Clause 15. The system according to any of clauses 10-14, further including a seal configured to connect the heat exchanger to the power heat pipe and the moderator heat pipe.

Clause 16. The system according to any of clauses 10-15, wherein the heat exchanger further includes an enclosure configured to envelope the first plenum of the heat exchanger, the second plenum of the heat exchanger, and the nuclear reactor core, and wherein the first plenum, the second plenum, and the nuclear reactor core are positioned within the enclosure.

Clause 17. The system according to any of clauses 10-16, wherein the moderator cell of the nuclear reactor core includes a hydride.
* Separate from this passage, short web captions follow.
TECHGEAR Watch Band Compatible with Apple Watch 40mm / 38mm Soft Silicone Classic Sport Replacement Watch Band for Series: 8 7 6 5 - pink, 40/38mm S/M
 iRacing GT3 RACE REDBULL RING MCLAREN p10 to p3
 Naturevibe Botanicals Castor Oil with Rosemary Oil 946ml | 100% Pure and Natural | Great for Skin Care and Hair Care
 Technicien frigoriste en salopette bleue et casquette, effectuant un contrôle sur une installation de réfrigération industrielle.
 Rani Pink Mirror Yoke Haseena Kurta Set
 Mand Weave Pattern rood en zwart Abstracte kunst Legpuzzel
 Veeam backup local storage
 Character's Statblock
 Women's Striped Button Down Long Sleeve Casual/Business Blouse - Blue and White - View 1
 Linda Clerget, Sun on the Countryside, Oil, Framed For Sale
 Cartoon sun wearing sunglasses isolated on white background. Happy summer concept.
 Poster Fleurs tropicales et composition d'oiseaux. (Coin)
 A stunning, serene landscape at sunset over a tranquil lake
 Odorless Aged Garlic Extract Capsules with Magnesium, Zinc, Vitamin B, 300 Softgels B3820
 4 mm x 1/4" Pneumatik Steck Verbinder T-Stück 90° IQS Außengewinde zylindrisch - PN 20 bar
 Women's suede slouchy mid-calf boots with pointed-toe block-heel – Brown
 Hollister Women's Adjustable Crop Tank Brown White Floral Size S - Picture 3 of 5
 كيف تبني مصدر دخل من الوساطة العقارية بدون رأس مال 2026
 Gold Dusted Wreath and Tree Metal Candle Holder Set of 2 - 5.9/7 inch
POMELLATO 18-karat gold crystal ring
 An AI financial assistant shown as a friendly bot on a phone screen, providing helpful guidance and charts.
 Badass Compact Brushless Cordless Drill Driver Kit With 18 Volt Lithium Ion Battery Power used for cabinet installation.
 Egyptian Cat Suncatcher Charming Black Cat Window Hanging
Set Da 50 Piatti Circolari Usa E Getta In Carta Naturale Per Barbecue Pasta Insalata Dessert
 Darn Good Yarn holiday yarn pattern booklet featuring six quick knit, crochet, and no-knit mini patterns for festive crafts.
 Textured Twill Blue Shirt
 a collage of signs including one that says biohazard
Clause 18. The system according to any of clauses 10-17, wherein the first plenum is configured to reduce an amount of hydrogen that is dissociated from the hydride by transferring thermal energy away from the moderator heat pipe.

Clause 19. A method of cooling a nuclear reactor core, the method including: introducing, via an input of a first plenum, an external working fluid into a first stage of a two-stage heat exchanger; transferring, via the working fluid, thermal energy away from a moderator heat pipe extending from the nuclear reactor core; introducing, via a fluid path, the working fluid into a second stage of the two-stage heat exchanger; transferring, via the working fluid, thermal energy away from a power heat pipe extending from the core of the nuclear reactor; and converting, via a power conversion sub-system, the thermal energy transferred away from the moderator heat pipe and the thermal energy transferred away from the power heat pipe into usable energy.

Clause 20. The method according to clause 19, wherein the nuclear reactor core includes a moderator including a hydride, and wherein the method further includes reducing, via the thermal energy transferred away from the moderator heat pipe, an amount of hydrogen that is dissociated from the hydride of the moderator.